No diálogo Teeteto há páginas belíssimas sobre a sua capacidade de dar à luz o conhecimento que seu interlocutor gerava dentro de si próprio. Essa é a sua única capacidade: a de ajudar aos outros a compreender o mundo — capacidade que só pode ser exercida com quem já está grávido do conhecimento.

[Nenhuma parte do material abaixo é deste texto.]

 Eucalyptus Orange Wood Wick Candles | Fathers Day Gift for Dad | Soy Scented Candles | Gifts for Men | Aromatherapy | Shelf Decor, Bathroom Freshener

À distância em que estamos de Sócrates ele nos parece uma personalidade forte e coerentemente voltada à busca da verdade no meio de seus concidadãos atenienses. Não nos é possível, sem esforço, perceber alguns traços aparentemente contraditórios de sua personalidade. Esses traços levaram Giovanni Reale a compará-lo a uma herma bifronte: seu não-saber parece prova de sua ignorância e ao mesmo tempo é uma via de acesso à autêntica sabedoria; sua mensagem parece um conjunto de regras morais mas em verdade abriu às portas para a segunda navegação operada por Platão; sua dialética parece heurística, mas foi o primeiro impulso em direção à lógica científica. Nele se mesclam ação e contemplação; seu ensinamento é prático, voltado ao homem em seu cotidiano, mas ao mesmo tempo é um teorizador; tem ares e postura de um aristocrata, porém frequentava as praças e ginásios e conversa com qualquer um; tratava de assuntos seriíssimos, mas não deixava de ser um gozador. Por fim, dizia cumprir uma missão a ele dada pela divindade e ao mesmo tempo pregava o livre exame de si mesmo; partia de um projeto sobrenatural ao tempo em que utilizava a razão em sua atividade filosófica.

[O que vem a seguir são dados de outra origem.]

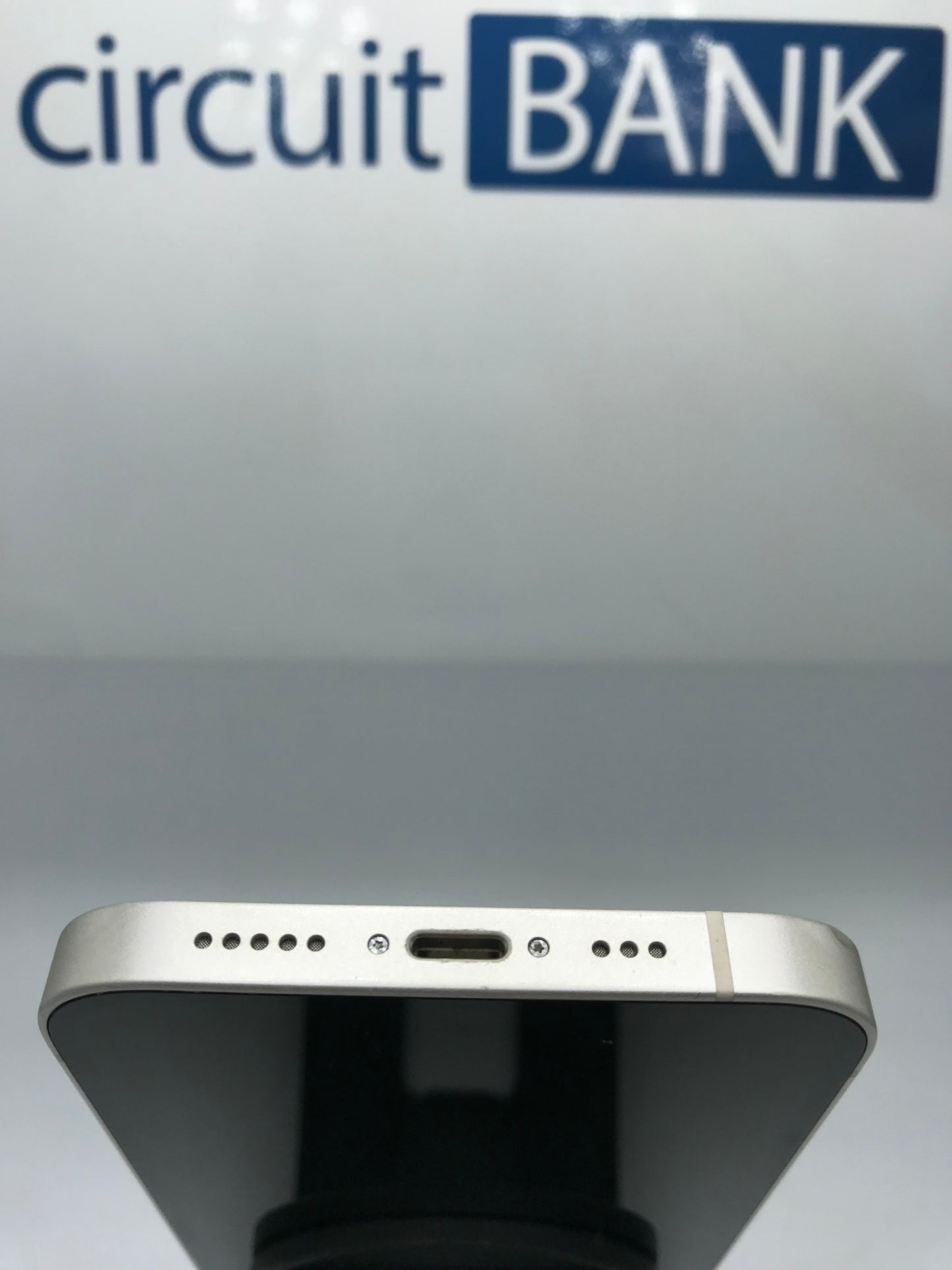 iPhone 14 128GB (Producto Unico)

Tais aparentes contradições não nos devem assustar: é que os grandes homens não cabem em definições pré-estabelecidas e escapam da burocracia dos catálogos. Eles trabalharam sobre seu caráter e o resultado é uma fórmula inédita, até então desconhecida. Os discípulos de Sócrates (chamados socráticos menores) colheram de seu convívio parte de seus ensinamentos, trabalharam-nos à luz de seus próprios projetos e fundaram escolas, geralmente conhecidas como escolas socráticas. Entre tantos socráticos, não há dúvida: Platão ficou com a melhor parte e a partir da forte personalidade de seu mestre desenvolveu sua magnífica obra.